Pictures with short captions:
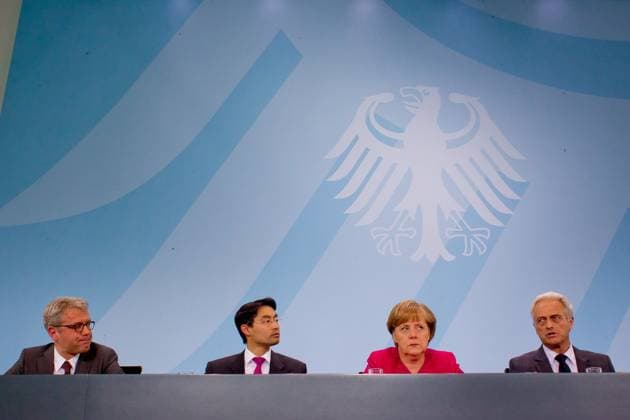 Norbert Roettgen, Philipp Roesler, Angela Merkel, Peter Ramsauer auf der Pressekonferenz zum Atomausstieg nach dem Bericht der Ethikkommission Sicher Energieversorgung im Bundeskanzleramt in Berlin, Copyright Huebner, 30.05.2011 Berlin Germany , deutschland *** Norbert Roettgen, Philipp Roesler, Angela Merkel, Peter Ramsauer at the Press conference to Nuclear phase-out to the Report the Ethics Committee secure Energy supply at Federal Chancellery in Berlin, Copyright Huebner, 30 05 2011 Berlin Germany , Germany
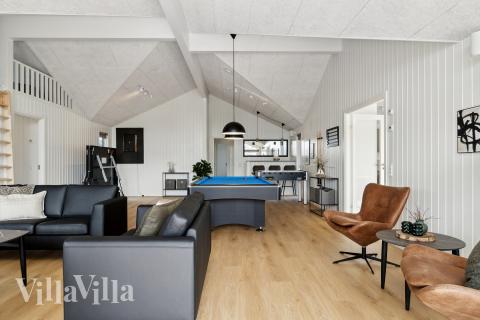 Dyst i sommerhusets aktivitetsrum, når I besøger luksushus nr. 910 i Lolland/Falster/Møn.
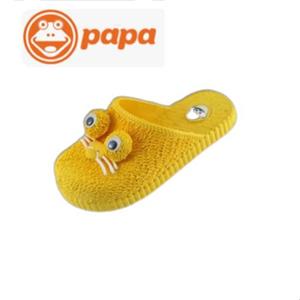 دمپایی بچه گانه پاپا مدل اوزاکا پنگول کد 106Bجنس PVC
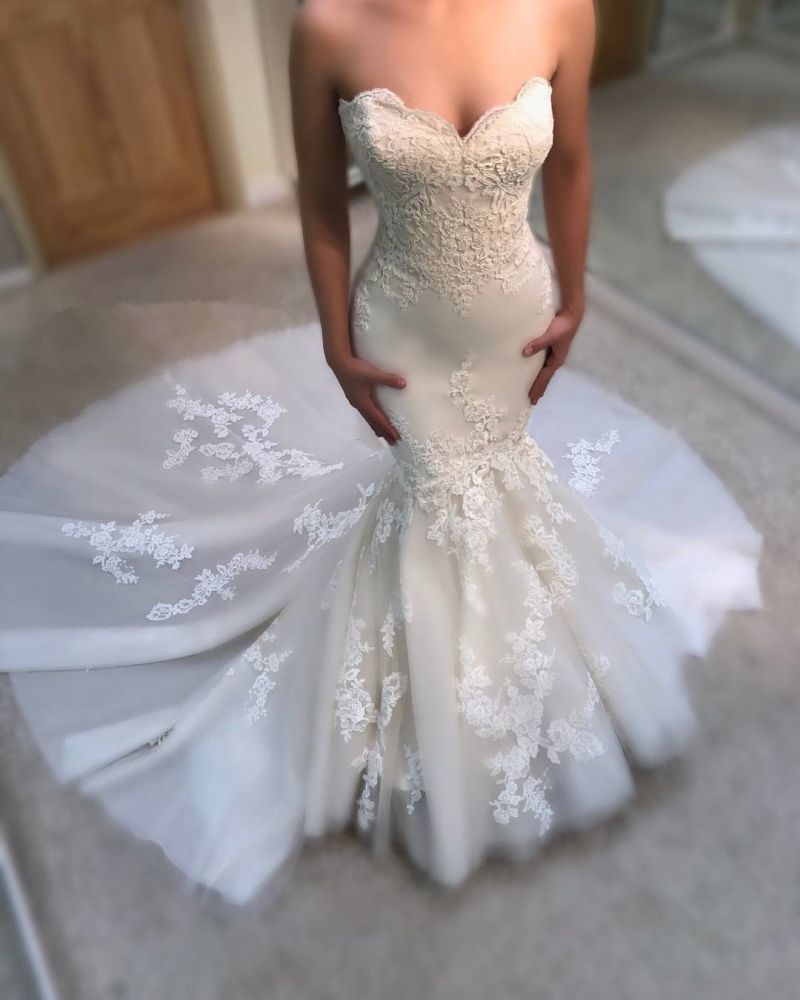 Sweetheart Mermaid Wedding Dress Online Modern Strapless Lace Bridal Gowns-Ballbella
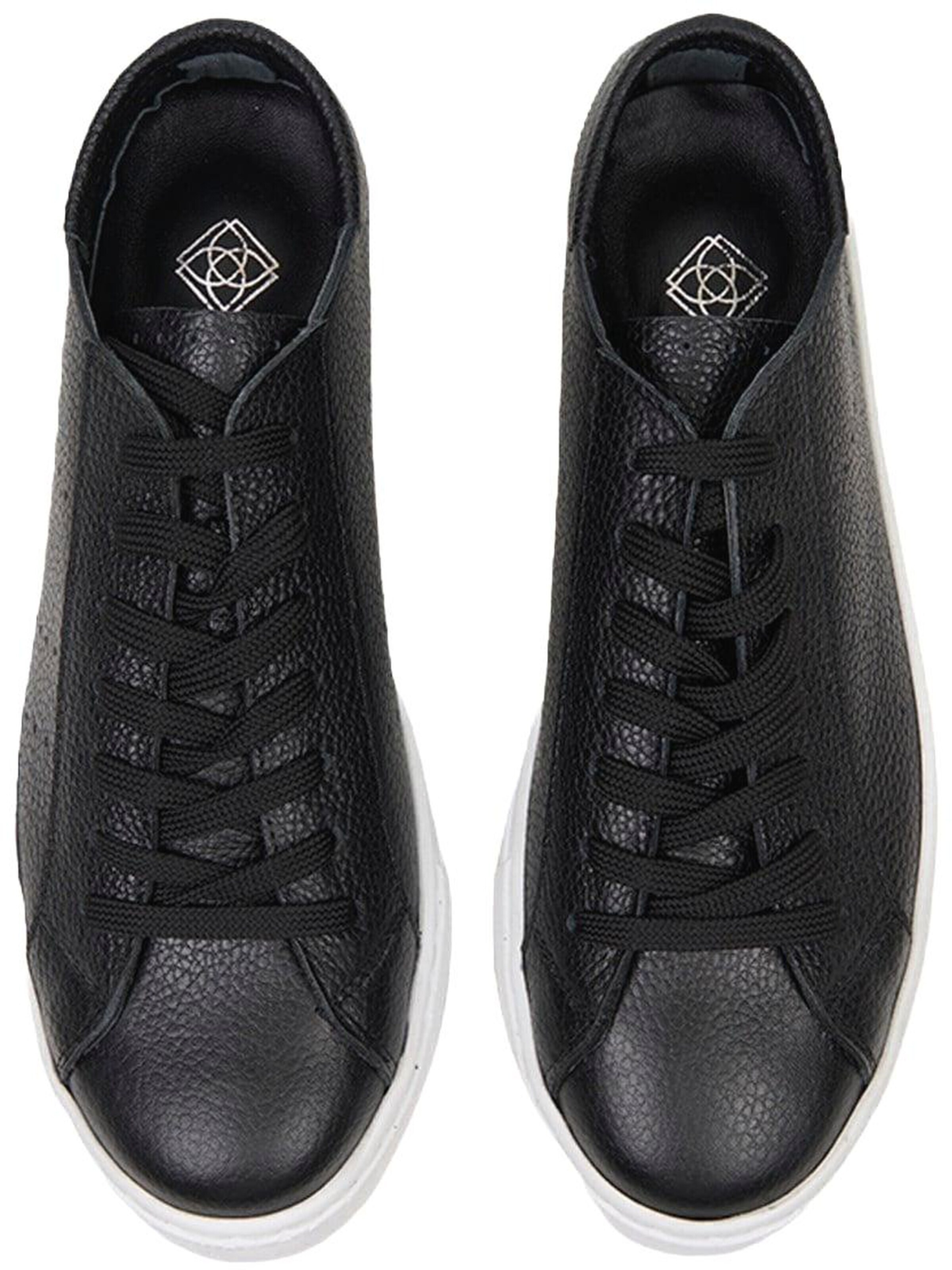 Desa Classic Flats 'Lässige Spitze' in Black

*What to produce*
Restate, word for word, the entries above, dropping any picture.

*Task solution*
 Norbert Roettgen, Philipp Roesler, Angela Merkel, Peter Ramsauer auf der Pressekonferenz zum Atomausstieg nach dem Bericht der Ethikkommission Sicher Energieversorgung im Bundeskanzleramt in Berlin, Copyright Huebner, 30.05.2011 Berlin Germany , deutschland *** Norbert Roettgen, Philipp Roesler, Angela Merkel, Peter Ramsauer at the Press conference to Nuclear phase-out to the Report the Ethics Committee secure Energy supply at Federal Chancellery in Berlin, Copyright Huebner, 30 05 2011 Berlin Germany , Germany
 Dyst i sommerhusets aktivitetsrum, når I besøger luksushus nr. 910 i Lolland/Falster/Møn.
 دمپایی بچه گانه پاپا مدل اوزاکا پنگول کد 106Bجنس PVC
 Sweetheart Mermaid Wedding Dress Online Modern Strapless Lace Bridal Gowns-Ballbella
 Desa Classic Flats 'Lässige Spitze' in Black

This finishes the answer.